Lucky 13 Months


My Kaia,

Whoever gave you permission to start growing into a little girl, please kindly ask that they slow it down a bit. And that they run it by me first, so I have time to hold on to the memories of your baby-ness. Thank You.

We passed the one year mark together. “Oh Wow!” as your friend Sula Pearl would say. Can it be that I will now chart the course of my own mortality by your passing years? For mine no longer matter. You are my forever youth, the brown-eyed girl who used to fear nothing, lying on my back in the mattress of grass, the blades of which I’d hold between my thumbs and blow through. A makeshift whistle of sorts. I was intrigued. I see that little girl in you and yet I notice your patchwork personality, the unique variance of your colors and threads. Kaia, forgive me as I blanket myself in your love. I am your Mama and I need you.

Isn’t it strange, my love, that you needed me so much recently. But now that you are walking, finding your own steady ground, you have become more independent. And now I need you. Or perhaps I just yearn for the reassurance that you will always come back to my arms, my ready lap, the place on my hips carved just for you.

The days that pass reveal the quickly-firing nuerons and pathways of your growing mind. You have taken to signing suddenly, adding “more”, “eat”, “cat”, “puppy”, “flower”, “book”, and “bath” to your repetoire. I am stunned at your abilities. Help me to always keep my ability to be grateful.

Tonight, I decided to test your comprehension, because I know you know so much. So, as you walked towards some toys, I said in my sing-songy voice “I’ll see you in the mooooorrrning”. You turned, smiled, and waddled towards your “I’ll See You in the Morning” book, our nightly ritual read. You laughed and picked it up off the table, opening it. Right on, sister. Right on.

You are my girl, because you are also obsessed with trying on shoes and jewelry. You walk naked around the house with a string of turquoise beads around your neck. Grams is worried they will choke you, but I always watch you. With my help, you try on your sparkly pink, plastic princess heels and clop-clop around on the kitchen floor. You get pretty mad when they fall off.

So great is your enthusiasm for adorning your neck that once, you emerged from my closet with my underwear around your neck and strutted through the room talking about it. Thongs, no less. Dirly ones. Ohhh yeah.

Eggs are your favorite meal. Eggs, scrambled, with spinach and tomatoes and cheese mixed in. Before they are even on your highchair tray, you sign and say “More, More, More”. You stuff them in your mouth like Cookie Monster.

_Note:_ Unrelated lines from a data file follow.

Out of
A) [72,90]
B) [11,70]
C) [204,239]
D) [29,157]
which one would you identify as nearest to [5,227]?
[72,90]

Two nights ago you slept through the night. Triple Gasp! And you would have slept throught the night last night, but you threw up shortly before bed and I knew you’d wake up hungry. You did. Only once, though. Please, my sweet thong-loving girl, say this will become a trend. Mama needs it. So do you. But, I’m okay with you easing into it. I need to ease into it as well because I will miss your fuzzy, soft head against my nose at midnight…the way you curl your legs up into my belly as you nurse and sleep, the deep stretch you do as I lift you into my arms and place you in your crib. Mama wants you so bad to sleep next to me. But you won’t have it. That’s why I look forward to our nightly forays. I haven’t slept a wink in these two nights, too used to hearing your quiet call, waiting…

Waiting for the little baby you’ll never be again. And, well, I’m going to be okay with it. Really. I just wasn’t prepared for the time warped speed at which your toddlerness would emerge.

I love that you learned to hone your walking skills in the homes of my youth, on the exact same brown carpet in which my feet found their own wobbly gait. It seemed fitting. Full circle, they say, but it seems more like a reaaaaalllly oblong circle, one whose edges took a bit of time to meet.

The best part about your walking is now you can waddle over towards me for an actual, full body hug. I squat to your level, and wrap my arms around you tiny form as we melt together. Divinity!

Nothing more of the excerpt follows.